Anunciar Jesus Cristo começa com o testemunho de vida. Nossas Paróquias, com suas Comunidades, Pastorais, Movimentos e Serviços, são chamadas a resplandecer pela alegria da acolhida. Conheço uma família que retornou à prática da vida cristã apenas porque encontrou o Pároco cumprimentando os fiéis à porta da Paróquia. A resposta que esta esperava chegou antes do sermão!

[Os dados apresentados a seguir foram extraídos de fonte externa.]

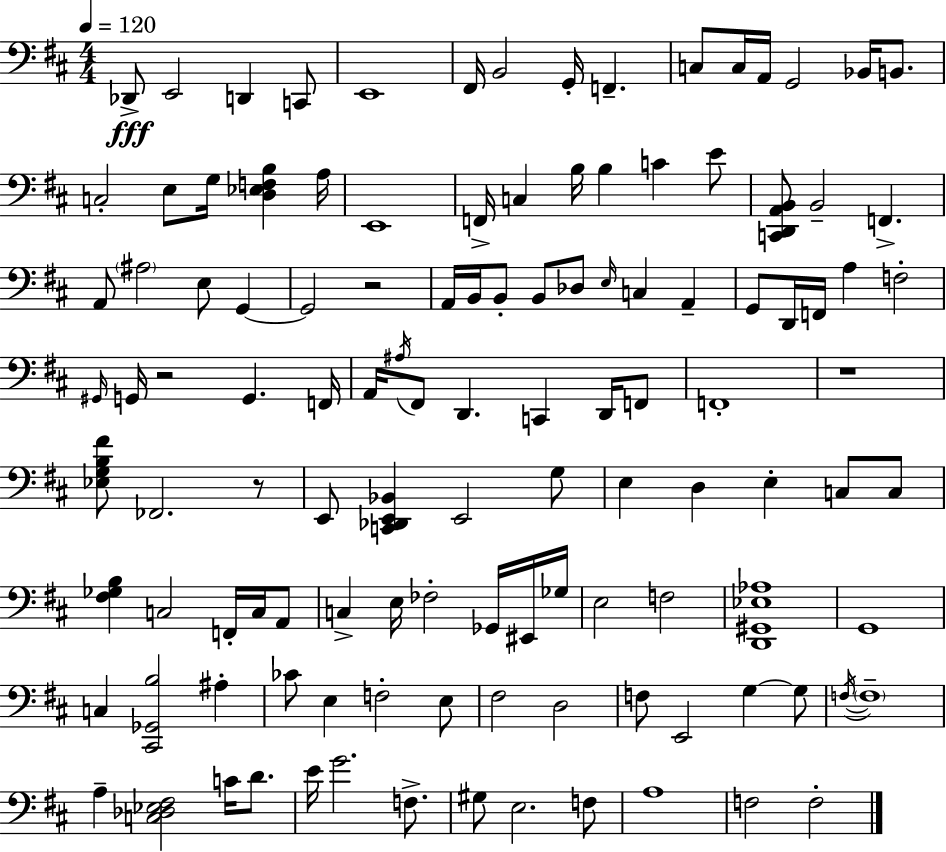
{
  \clef bass
  \numericTimeSignature
  \time 4/4
  \key d \major
  \tempo 4 = 120
  des,8->\fff e,2 d,4 c,8 | e,1 | fis,16 b,2 g,16-. f,4.-- | c8 c16 a,16 g,2 bes,16 b,8. | \break c2-. e8 g16 <d ees f b>4 a16 | e,1 | f,16-> c4 b16 b4 c'4 e'8 | <c, d, a, b,>8 b,2-- f,4.-> | \break a,8 \parenthesize ais2 e8 g,4~~ | g,2 r2 | a,16 b,16 b,8-. b,8 des8 \grace { e16 } c4 a,4-- | g,8 d,16 f,16 a4 f2-. | \break \grace { gis,16 } g,16 r2 g,4. | f,16 a,16 \acciaccatura { ais16 } fis,8 d,4. c,4 | d,16 f,8 f,1-. | r1 | \break <ees g b fis'>8 fes,2. | r8 e,8 <c, des, e, bes,>4 e,2 | g8 e4 d4 e4-. c8 | c8 <fis ges b>4 c2 f,16-. | \break c16 a,8 c4-> e16 fes2-. | ges,16 eis,16 ges16 e2 f2 | <d, gis, ees aes>1 | g,1 | \break c4 <cis, ges, b>2 ais4-. | ces'8 e4 f2-. | e8 fis2 d2 | f8 e,2 g4~~ | \break g8 \acciaccatura { f16~ }~ \parenthesize f1-- | a4-- <c des ees fis>2 | c'16 d'8. e'16 g'2. | f8.-> gis8 e2. | \break f8 a1 | f2 f2-. | \bar "|."
}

Nossas Paróquias são chamadas a serem verdadeiros laboratórios da perfeição da vida cristã, o que se alcança na abertura à graça de Deus expressa numa intensa vida sacramental. A prática do sacramento da penitência será um dos “treinamentos intensivos” nesta estrada de santidade. A Eucaristia, bem preparada e celebrada, será o ponto alto de nossa vida, pois para ela convergem nossos esforços para viver como cristãos e de lá, fonte inesgotável, brotam todas as graças, pois perfeição cristã é antes dom do que conquista.

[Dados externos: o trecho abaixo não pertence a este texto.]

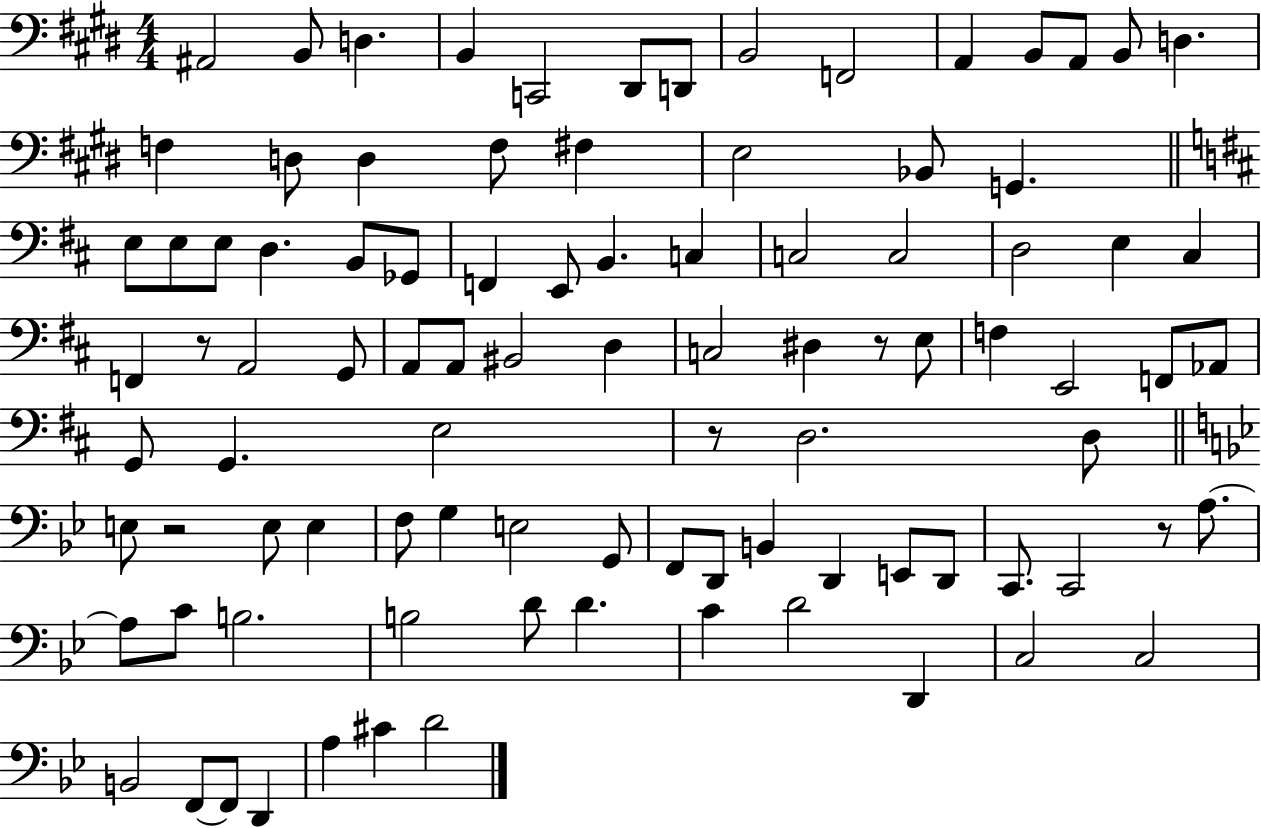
A#2/h B2/e D3/q. B2/q C2/h D#2/e D2/e B2/h F2/h A2/q B2/e A2/e B2/e D3/q. F3/q D3/e D3/q F3/e F#3/q E3/h Bb2/e G2/q. E3/e E3/e E3/e D3/q. B2/e Gb2/e F2/q E2/e B2/q. C3/q C3/h C3/h D3/h E3/q C#3/q F2/q R/e A2/h G2/e A2/e A2/e BIS2/h D3/q C3/h D#3/q R/e E3/e F3/q E2/h F2/e Ab2/e G2/e G2/q. E3/h R/e D3/h. D3/e E3/e R/h E3/e E3/q F3/e G3/q E3/h G2/e F2/e D2/e B2/q D2/q E2/e D2/e C2/e. C2/h R/e A3/e. A3/e C4/e B3/h. B3/h D4/e D4/q. C4/q D4/h D2/q C3/h C3/h B2/h F2/e F2/e D2/q A3/q C#4/q D4/h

Evangelizar é falar de Deus! Faz-se necessário rever continuamente nossa linguagem de evangelizadores. Da Homilia à Leitura Orante da Palavra, das Comunidades menores aos Grupos de reflexão dos diversos movimentos, todos são chamados a rever sua forma de comunicar a Palavra do Evangelho. Deus não é complicado, mas vem ao nosso encontro, tanto que o Verbo se fez carne! É bom aprender de novo com as parábolas do Evangelho e aceitar o desafio de chegar, com palavras atuais, mas verdadeiras, ao coração de todos, especialmente os jovens. Recentemente fiz um convite a um grupo de universitários e o estendo a todos: a se tornarem parábolas vivas para o mundo em que vivemos.

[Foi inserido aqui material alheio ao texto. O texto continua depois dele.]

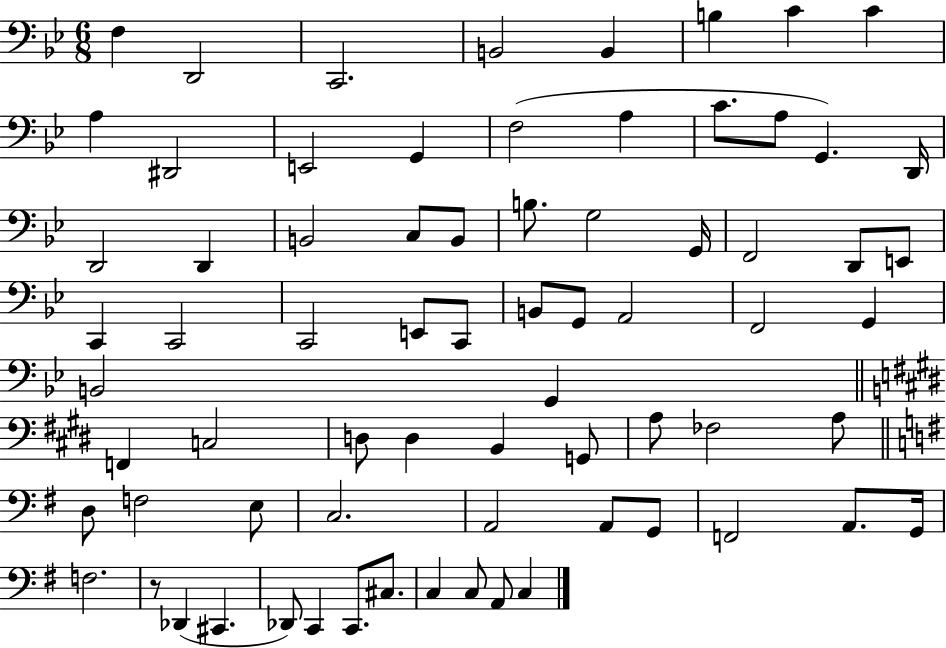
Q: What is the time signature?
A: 6/8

Evangelizar é ainda um exercício de criatividade, numa Igreja que é muito rica de manifestações da fé. Não desejamos passar um “rolo compressor”, escolhendo apenas uma forma de trabalho, mas estar abertos aos caminhos suscitados pelo Espírito Santo. Ser criativos é também valorizar o que os outros sabem e podem fazer, sem ciúme nem inveja. Que todos os grupos e métodos de apostolado aqui existentes olhem todo o bem que se faz e todos os métodos de trabalho como propriedade da família dos filhos de Deus, sem exclusivismos nem julgamentos. Da parte do Pastor da Igreja, saibam que haverá a plena abertura para o discernimento e o apoio a quem quer anunciar o Evangelho, inclusive abrindo fronteiras até agora inexploradas.

Enfim, evangelizar é justamente olhar com abertura para o horizonte missionário que se abre, pois muitas pessoas ainda se encontram ou se sentem afastadas da Igreja. Trata-se de uma verdadeira conversão pastoral, como pediu o Documento de Aparecida, uma “firme decisão missionária que deve impregnar todas as estruturas eclesiais e todos os planos pastorais de dioceses, paróquias, comunidades religiosas, movimentos e de qualquer instituição da Igreja. Nenhuma comunidade deve se isentar de entrar decididamente, com todas suas forças, nos processos constantes de renovação missionária e de abandonar as ultrapassadas estruturas que já não favoreçam a transmissão da fé” (DA 365).